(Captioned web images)

==============================

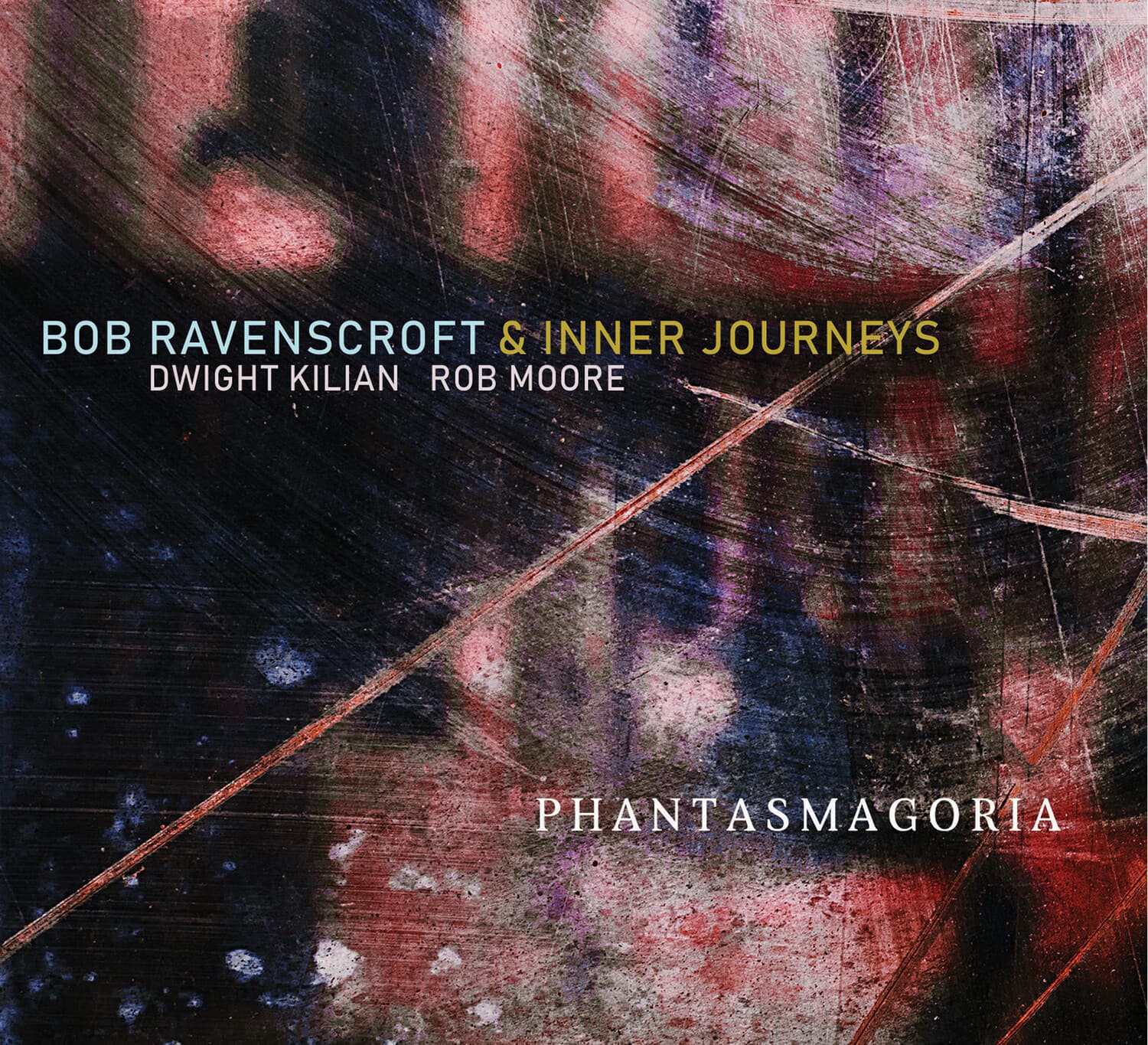 Ravenscroft,Bob & Inner Journeys - Phantasmagoria   - COMPACT DISCS [CD] price history on PriceWatchPro
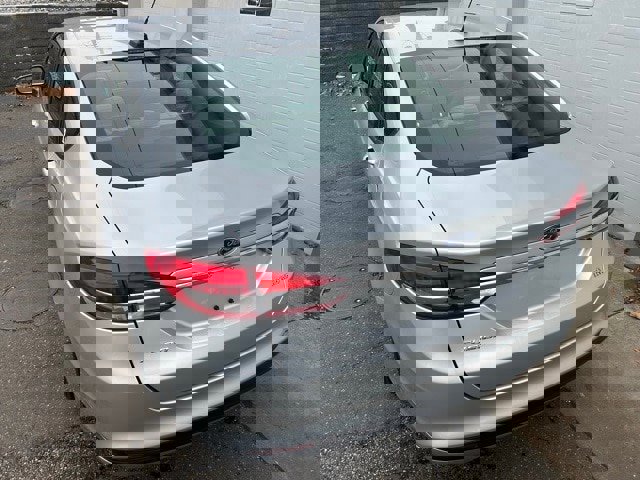 Certified 2018 Ford Fusion S image 4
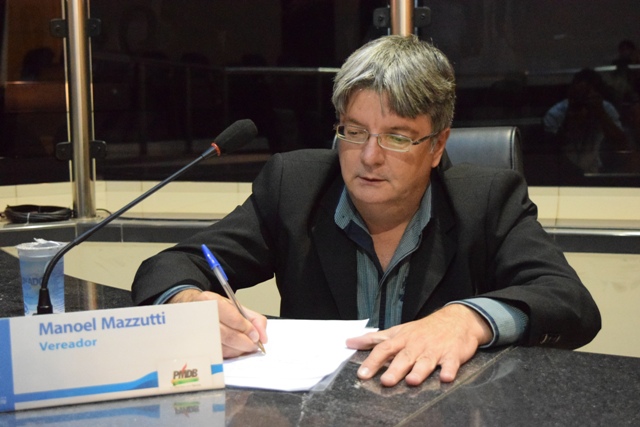 MANOEL DESPACHANTE PEDE INSTALAÇÃO DE COMISSÃO ESPECIAL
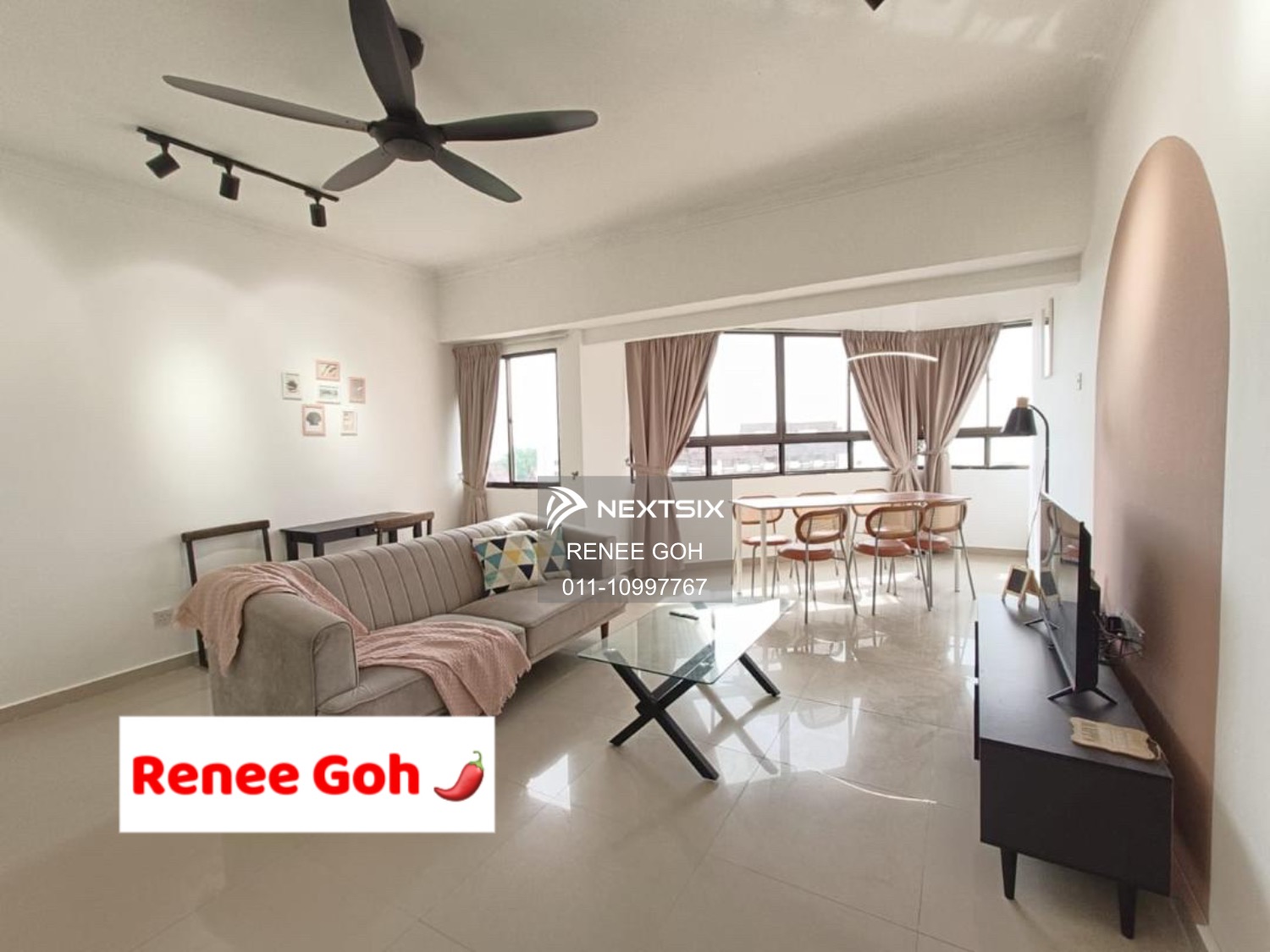 Serviced Residence For Sale in Batu Ferringhi Penang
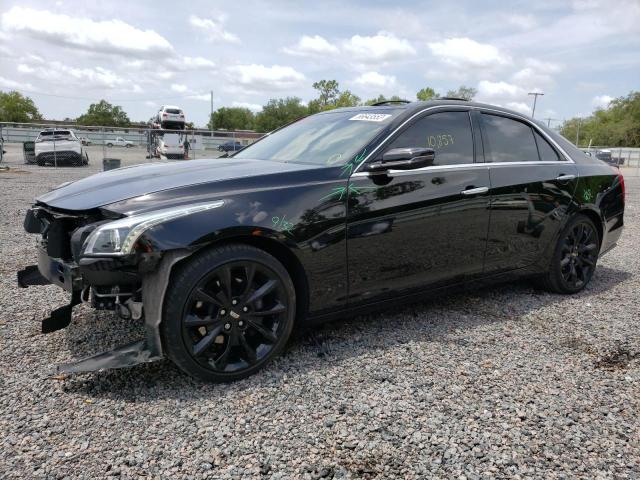 2019 Cadillac CTS 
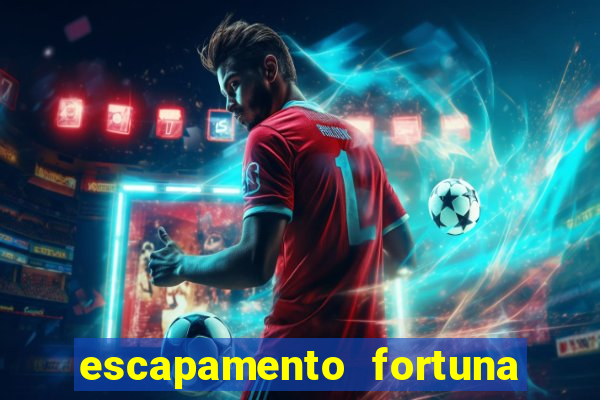 escapamento fortuna cg 160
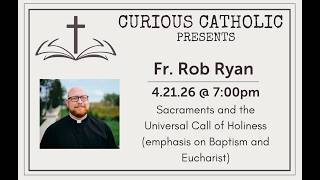 Fr. Robert Ryan 4-21-26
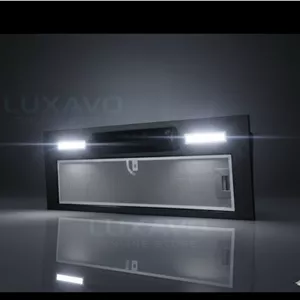 هود توکار مخفی r81 لمسی ( ۲سال گارانتی شرکتی )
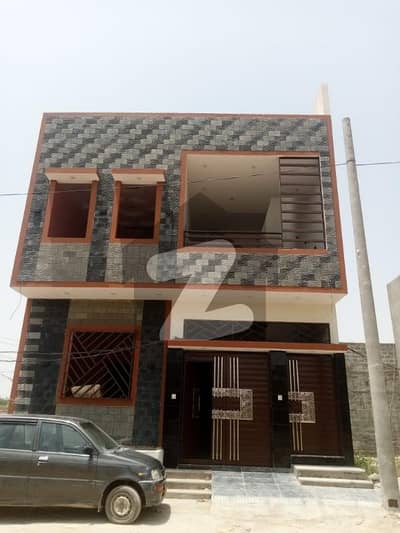 Brand New Luxurious Independent House For Rent In Saadi Garden *Location* Block 5, Saadi Garden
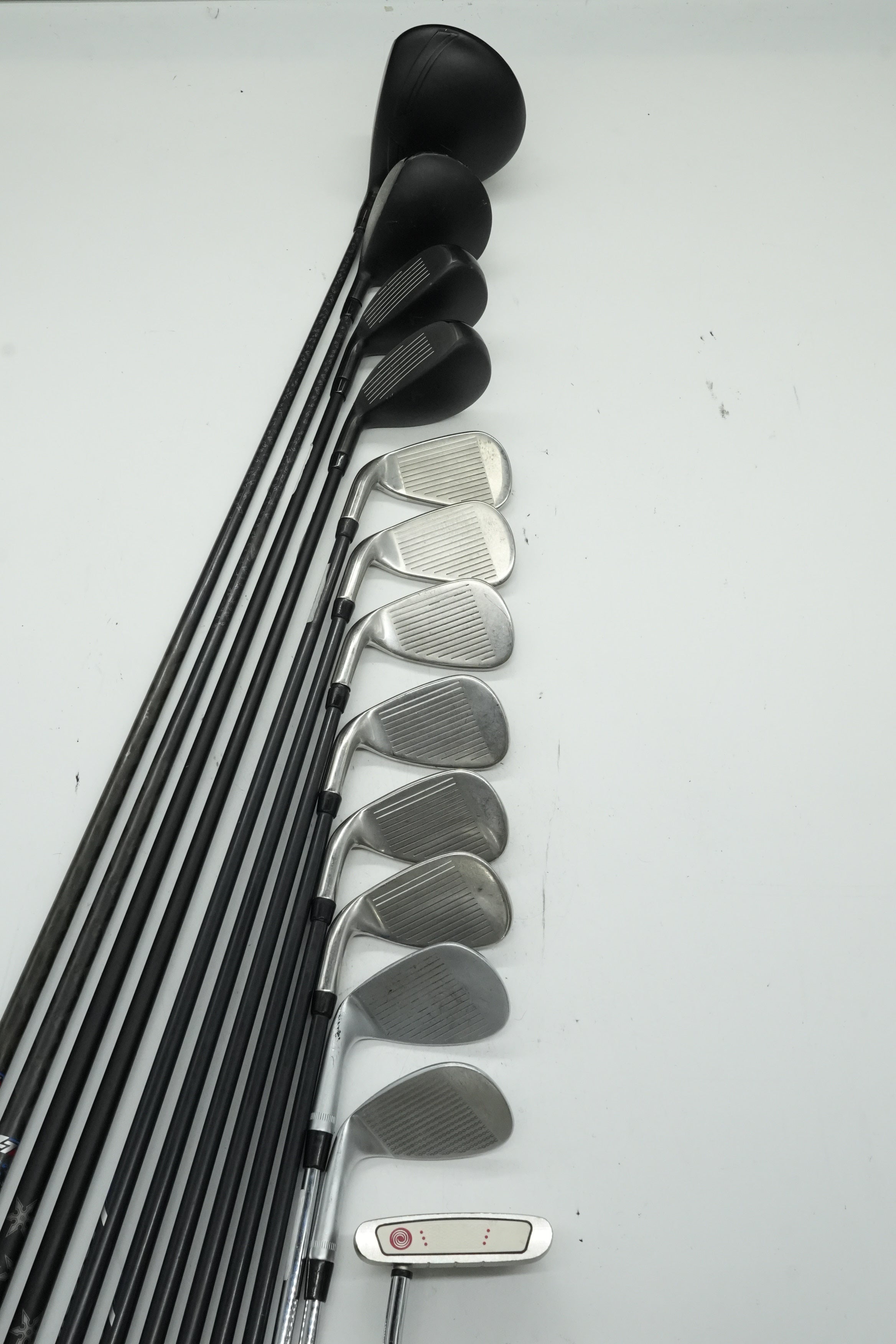 Callaway XR Mixed Full Set R Flex -0.5"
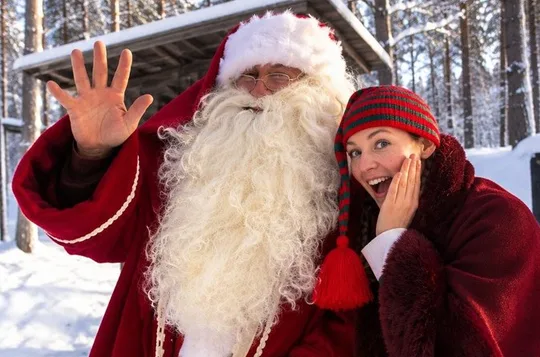 VIP Secret Santa Experience
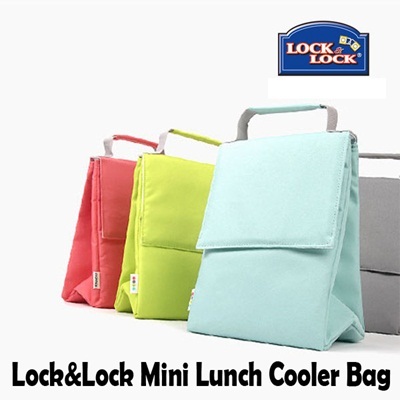 lock & lock cooler bag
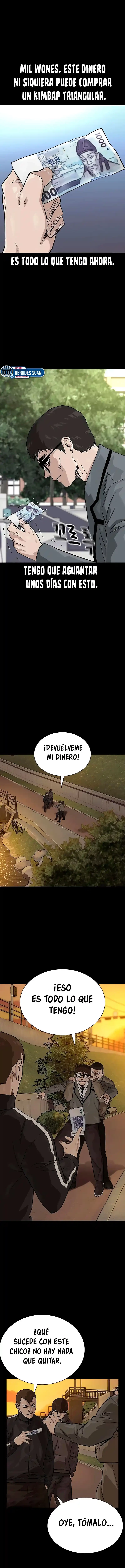 Si no Quieres Morir capítulo 115, página 6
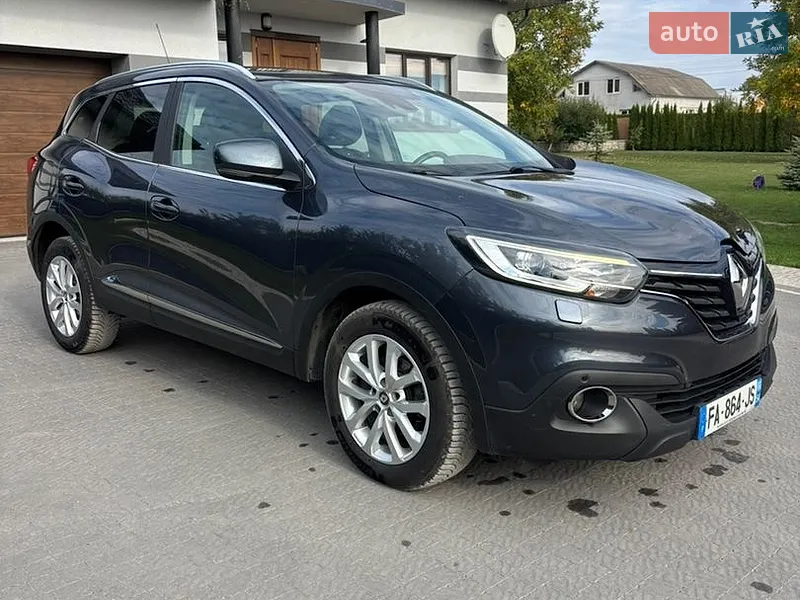 Renault Kadjar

==============================

**WHAT IS REQUIRED:**
The result should be all the records, retyped exactly, with no pictures among them.

**REPLY:**
 Ravenscroft,Bob & Inner Journeys - Phantasmagoria   - COMPACT DISCS [CD] price history on PriceWatchPro
 Certified 2018 Ford Fusion S image 4
 MANOEL DESPACHANTE PEDE INSTALAÇÃO DE COMISSÃO ESPECIAL
 Serviced Residence For Sale in Batu Ferringhi Penang
 2019 Cadillac CTS 
 escapamento fortuna cg 160
 Fr. Robert Ryan 4-21-26
 هود توکار مخفی r81 لمسی ( ۲سال گارانتی شرکتی )
 Brand New Luxurious Independent House For Rent In Saadi Garden *Location* Block 5, Saadi Garden
 Callaway XR Mixed Full Set R Flex -0.5"
 VIP Secret Santa Experience
 lock & lock cooler bag
 Si no Quieres Morir capítulo 115, página 6
 Renault Kadjar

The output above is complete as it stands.